To generate the pGmAp1a:LUC and pGmAp1d:LUC constructs, we amplified 3-Kb promoter fragments upstream of each gene from Williams 82 and ligated them with the pGreen0800-LUC as the reporter vector. The p35S-Dt2HapI-1-Flag, p35S-Dt2HapI-2-Flag, p35S-GmAgl22-Flag and p35S-GmSoc1a-Flag constructs were used as effectors. Transient transactivation assays were performed using Arabidopsis protoplasts51. In the tobacco leaf system, the promoters of the GmAp1a and GmAp1d (3000 bp) were cloned into the transient expression vector CP461, which was constructed as the reporter vector. In addition, the p35S-Dt2HapI-1-Flag, p35S-Dt2HapI-2-Flag, p35S-GmAgl22-Flag and p35S-GmSoc1a-Flag constructs were used as effectors and these plasmids were transformed into A. tumefaciens strain GV3101. Then these strains were injected into tobacco leaves in different combinations with p19, which was used to suppress RNA silencing. Dual luciferase assay reagents (Promega, VPE1910) with the Renilla luciferase gene as an internal control were used for luciferase imaging. The relevant primers are listed in Supplementary Data 2.

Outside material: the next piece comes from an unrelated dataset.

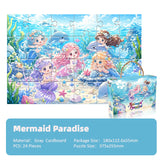 Mermaid Paradise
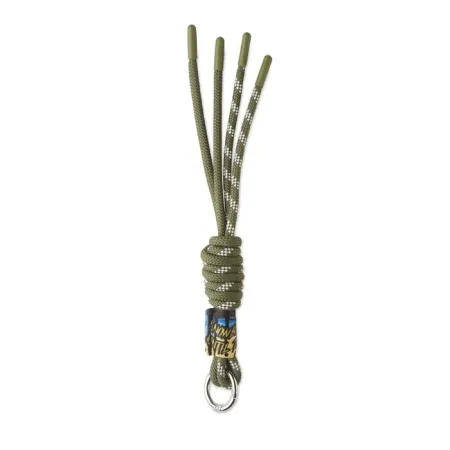 Portachiavi in cordoncino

Split luciferase (split-LUC) complementation assay

Luciferase complementation imaging assays were performed as described previously52. Briefly, to generate a luciferase complementation vector, pCAMBIA1300-35S-NLuc was fused with the C- termini of Dt2HapI-1, Dt2HapI-2 and GmAgl22, and pCAMBIA1300-35S-CLuc was fused with the C-termini of GmAgl22 and GmSoc1a. Transient expression in tobacco (Nicotiana benthamiana) leaves was conducted by GV3101 Agrobacterium infiltration. Plants were then incubated at 22 °C for 2 days before the LUC activity was measured. Images were captured using the low-light cooled charge-coupled device imaging apparatus NightOWL IILB 983.

Electrophoretic mobility shift assay

The full length of Dt2HapI-1 and Dt2HapI-2 CDSs were amplified and cloned into the Pmal-C5x vector. MBP-Dt2HapI-1 and MBP-Dt2HapI-2 recombinant proteins with MBP tags were introduced into Escherichia coli BL21 (DE3). The recombinant proteins were purified by using maltose resin (NEB, E8021S). DNA probes (Probe1 in GmAp1a and Probe2 in GmAp1d) were artificially synthesized and labeled with biotin at the 5′ end (Thermo Fisher Scientific). DNA gel shift assays were performed as the protocol described of the LightShift Chemiluminescent EMSA kit (Thermo Fisher Scientific, 20148). The probe sequences are listed in Supplementary Data 2.

Reporting summary

Further information on research design is available in the Nature Research Reporting Summary linked to this article.